The US Dollar (USD) surged to 103.90 on the Dollar Index (DXY) chart, buoyed by a robust labor market report that has dispelled expectations of a March rate cut. Federal Reserve Chair Jerome Powell reinforced this sentiment, expressing skepticism about a rate cut in March and emphasizing the central bank‘s commitment to monitoring incoming data to determine the timing of any easing cycle.
Key Market Highlights:
Labor Market Report: The US labor market exhibited strength, with January’s unemployment rate holding steady at 3.7%, below the expected 3.8%. Nonfarm Payrolls significantly surpassed projections, indicating robust job market growth, with 353,000 additional jobs created against an expected 180,000. Average Hourly Earnings for January exceeded consensus, rising by 0.6% MoM, and Annual Average Hourly Earnings for 2024 reached 4.5%, surpassing the previous 4.4%.
Bond Yields Surge: US bond yields experienced a sharp increase, with 2-year, 5-year, and 10-year bonds trading at rates of 4.38%, 4.00%, and 4.05%, respectively.
Market Expectations: The CME FedWatch Tool indicated a significant shift in market expectations, with the probability of a rate cut in March plummeting to 20%.

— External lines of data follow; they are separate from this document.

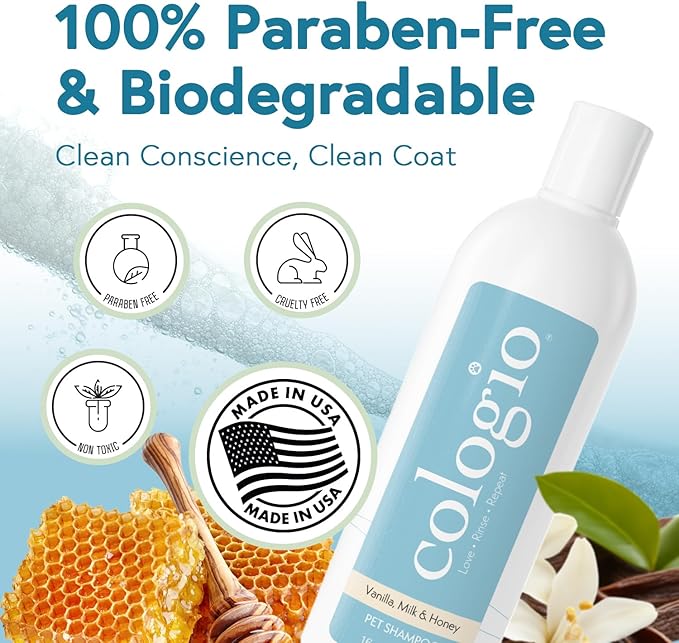 Dog Shampoo with Manuka Honey – Odor Eliminator & Itch Easing for Dry, Sensitive Skin – Gentle & Moisturizing Groomer-Developed Formula – Paraben-Free, Made in USA - 16 oz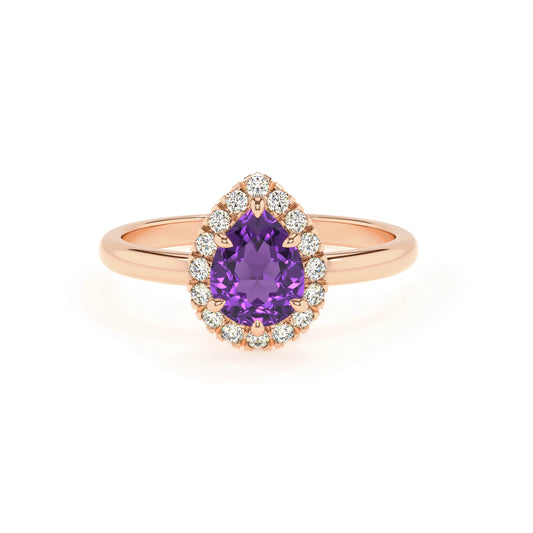 lab grown amethyst pear solitaire rings in rose gold 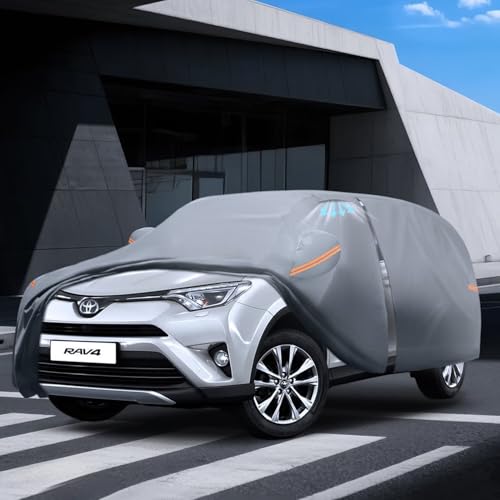 Waterproof Toyota RAV4(2015-2026) Car Cover with Breathable Vents, [2026 Upgrade] Premium Covers with Cotton Liner and Zipper Door, Sun Rain Snow Dust Uv Protection.(Gift with Towel) - color: SUV Car Cover, size: Custom Fit Toyota RAV4+Towel+Bag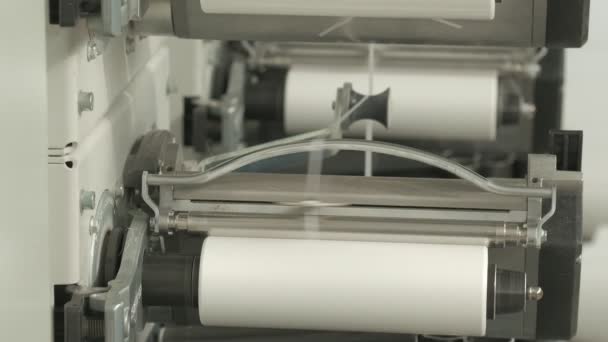 Closeup Polymer Thread Winding Machine Action Slow Motion — 图库视频影像
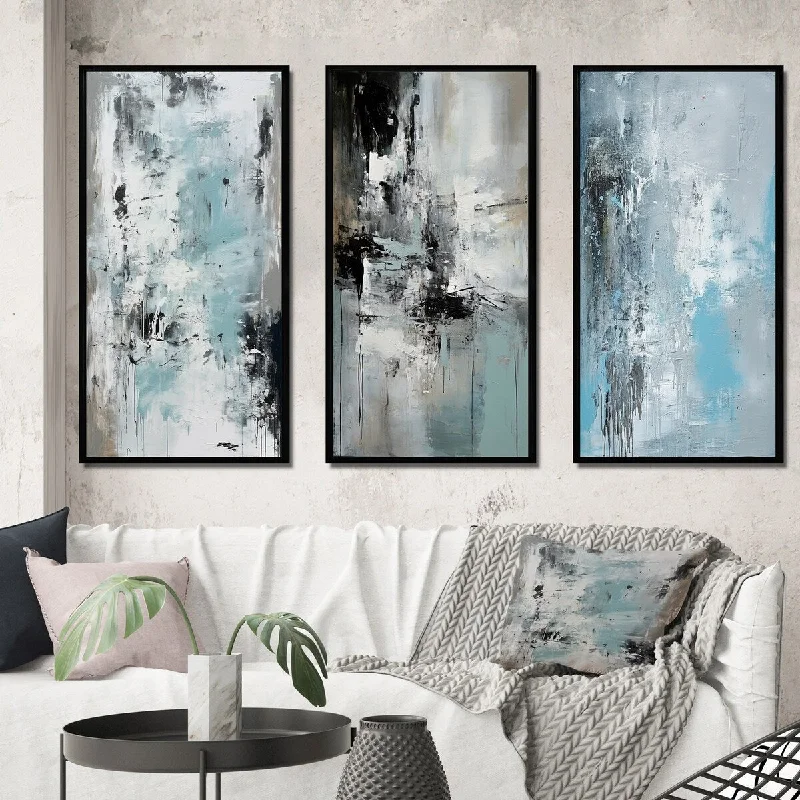 cityscape photography prints-Designart "Serene Subtility In Abstract Light Blue IV" Abstract Painting Frame Gallery Set Of 3 For Office Decor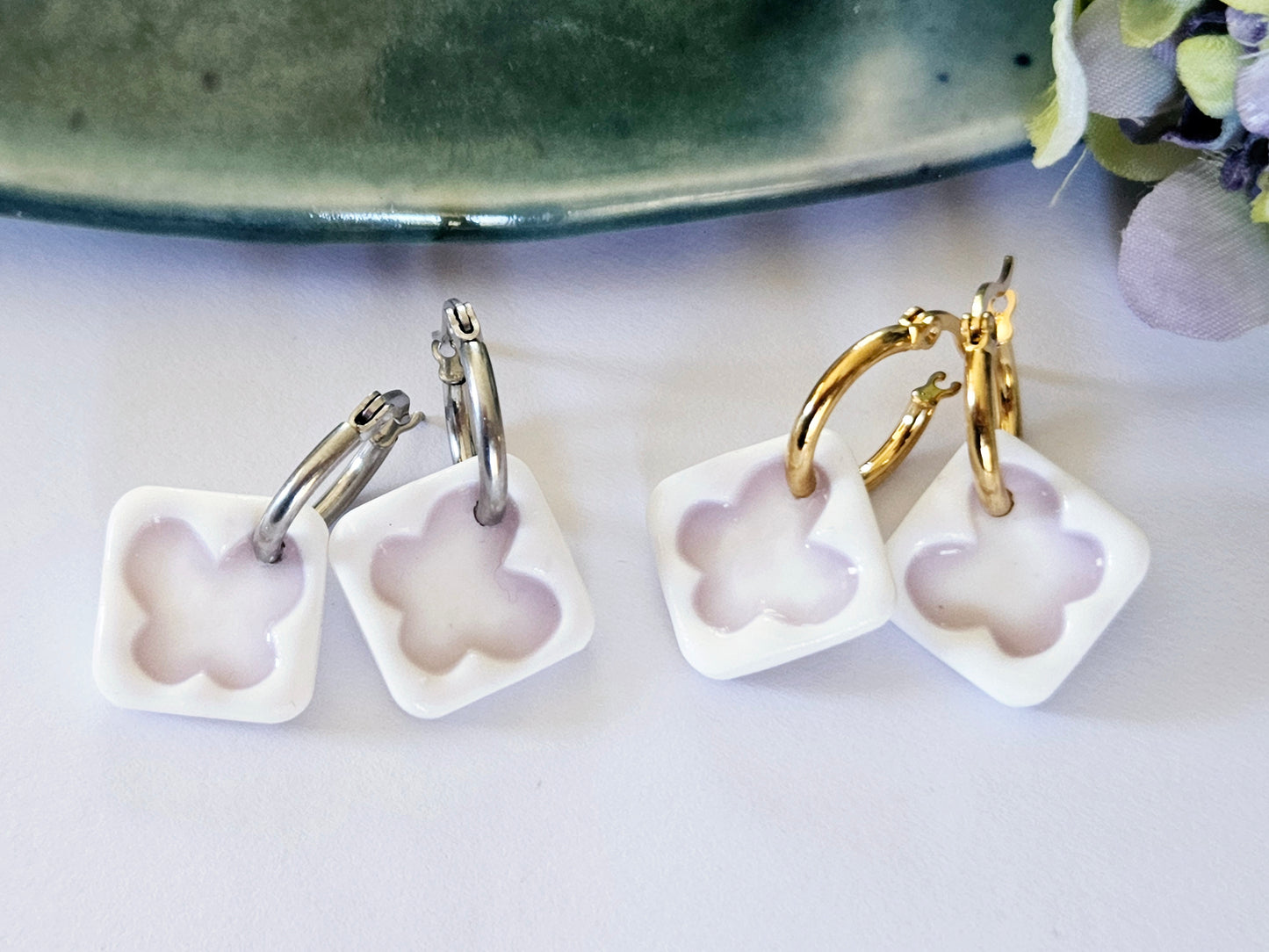 Porcelain Butterfly Hoops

Technical Analysis – DXY Chart:
On the daily chart, the US Dollar Index (DXY) exhibited resilience, jumping above the crucial 200-day Simple Moving Average (SMA). The Relative Strength Index (RSI) displayed a positive slope in positive territory, suggesting a build-up of buying momentum. The Moving Average Convergence Divergence (MACD) supported this momentum with rising green bars. However, mixed signals arose from the Simple Moving Averages (SMAs), as the index remained below the 100-day SMA, indicating a bearish hindrance despite being above the 20-day and 200-day SMAs.
As the US Dollar faces contrasting signals, investors closely watch the indicators and key levels for potential shifts in market dynamics amid the evolving economic landscape.